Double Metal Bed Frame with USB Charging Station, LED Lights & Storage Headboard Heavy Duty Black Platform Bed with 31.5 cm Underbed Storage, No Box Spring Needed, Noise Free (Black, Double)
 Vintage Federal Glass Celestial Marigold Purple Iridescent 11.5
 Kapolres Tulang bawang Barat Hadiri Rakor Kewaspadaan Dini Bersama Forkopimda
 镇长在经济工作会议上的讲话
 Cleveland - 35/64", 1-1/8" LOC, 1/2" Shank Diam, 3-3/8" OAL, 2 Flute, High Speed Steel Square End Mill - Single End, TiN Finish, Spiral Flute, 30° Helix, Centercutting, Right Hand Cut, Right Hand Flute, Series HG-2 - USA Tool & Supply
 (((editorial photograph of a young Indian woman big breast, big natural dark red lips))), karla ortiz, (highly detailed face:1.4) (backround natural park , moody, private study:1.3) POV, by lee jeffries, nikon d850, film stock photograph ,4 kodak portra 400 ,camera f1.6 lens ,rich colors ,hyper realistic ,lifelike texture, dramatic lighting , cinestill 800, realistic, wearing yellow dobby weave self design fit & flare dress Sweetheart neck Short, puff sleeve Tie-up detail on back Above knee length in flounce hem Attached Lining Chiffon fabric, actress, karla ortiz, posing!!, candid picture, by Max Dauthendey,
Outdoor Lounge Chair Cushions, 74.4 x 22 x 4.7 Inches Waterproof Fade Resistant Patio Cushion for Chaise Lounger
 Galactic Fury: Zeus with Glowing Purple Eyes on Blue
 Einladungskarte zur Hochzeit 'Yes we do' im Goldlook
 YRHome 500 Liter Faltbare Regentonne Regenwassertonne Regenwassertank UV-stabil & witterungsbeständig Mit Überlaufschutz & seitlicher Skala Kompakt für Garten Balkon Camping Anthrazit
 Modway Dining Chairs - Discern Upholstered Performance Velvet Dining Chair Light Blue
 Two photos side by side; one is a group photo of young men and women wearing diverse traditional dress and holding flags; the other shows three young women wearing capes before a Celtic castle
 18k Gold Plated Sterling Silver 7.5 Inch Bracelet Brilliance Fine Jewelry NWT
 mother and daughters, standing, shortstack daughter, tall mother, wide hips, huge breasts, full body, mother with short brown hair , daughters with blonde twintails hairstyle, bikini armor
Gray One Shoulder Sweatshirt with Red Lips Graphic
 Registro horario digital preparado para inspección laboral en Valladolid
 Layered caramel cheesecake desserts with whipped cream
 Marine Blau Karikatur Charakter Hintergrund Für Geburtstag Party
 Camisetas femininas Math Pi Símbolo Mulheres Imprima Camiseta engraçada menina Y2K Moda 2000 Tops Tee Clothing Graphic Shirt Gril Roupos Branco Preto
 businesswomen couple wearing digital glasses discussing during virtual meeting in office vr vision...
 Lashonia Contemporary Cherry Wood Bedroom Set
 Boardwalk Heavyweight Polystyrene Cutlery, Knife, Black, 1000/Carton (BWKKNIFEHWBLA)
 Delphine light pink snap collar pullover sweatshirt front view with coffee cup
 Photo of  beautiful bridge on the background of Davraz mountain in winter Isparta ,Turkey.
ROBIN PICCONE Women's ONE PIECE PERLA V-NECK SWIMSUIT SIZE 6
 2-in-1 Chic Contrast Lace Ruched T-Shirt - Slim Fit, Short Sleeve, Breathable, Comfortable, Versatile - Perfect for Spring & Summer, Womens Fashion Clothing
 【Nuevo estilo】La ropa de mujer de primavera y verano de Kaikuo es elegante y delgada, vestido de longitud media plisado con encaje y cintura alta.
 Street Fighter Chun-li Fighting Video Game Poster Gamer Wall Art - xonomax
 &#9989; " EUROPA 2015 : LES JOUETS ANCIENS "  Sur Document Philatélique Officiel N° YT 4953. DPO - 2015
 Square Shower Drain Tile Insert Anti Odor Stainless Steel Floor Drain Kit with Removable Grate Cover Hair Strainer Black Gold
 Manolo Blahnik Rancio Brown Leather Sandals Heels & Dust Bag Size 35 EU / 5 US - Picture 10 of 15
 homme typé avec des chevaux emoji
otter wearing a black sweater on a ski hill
+--
Exercise details: Output only the lines that run from the one containing "Street Fighter Chun-li" through the last line of the material above, both included.

Response area:
 Street Fighter Chun-li Fighting Video Game Poster Gamer Wall Art - xonomax
 &#9989; " EUROPA 2015 : LES JOUETS ANCIENS "  Sur Document Philatélique Officiel N° YT 4953. DPO - 2015
 Square Shower Drain Tile Insert Anti Odor Stainless Steel Floor Drain Kit with Removable Grate Cover Hair Strainer Black Gold
 Manolo Blahnik Rancio Brown Leather Sandals Heels & Dust Bag Size 35 EU / 5 US - Picture 10 of 15
 homme typé avec des chevaux emoji
otter wearing a black sweater on a ski hill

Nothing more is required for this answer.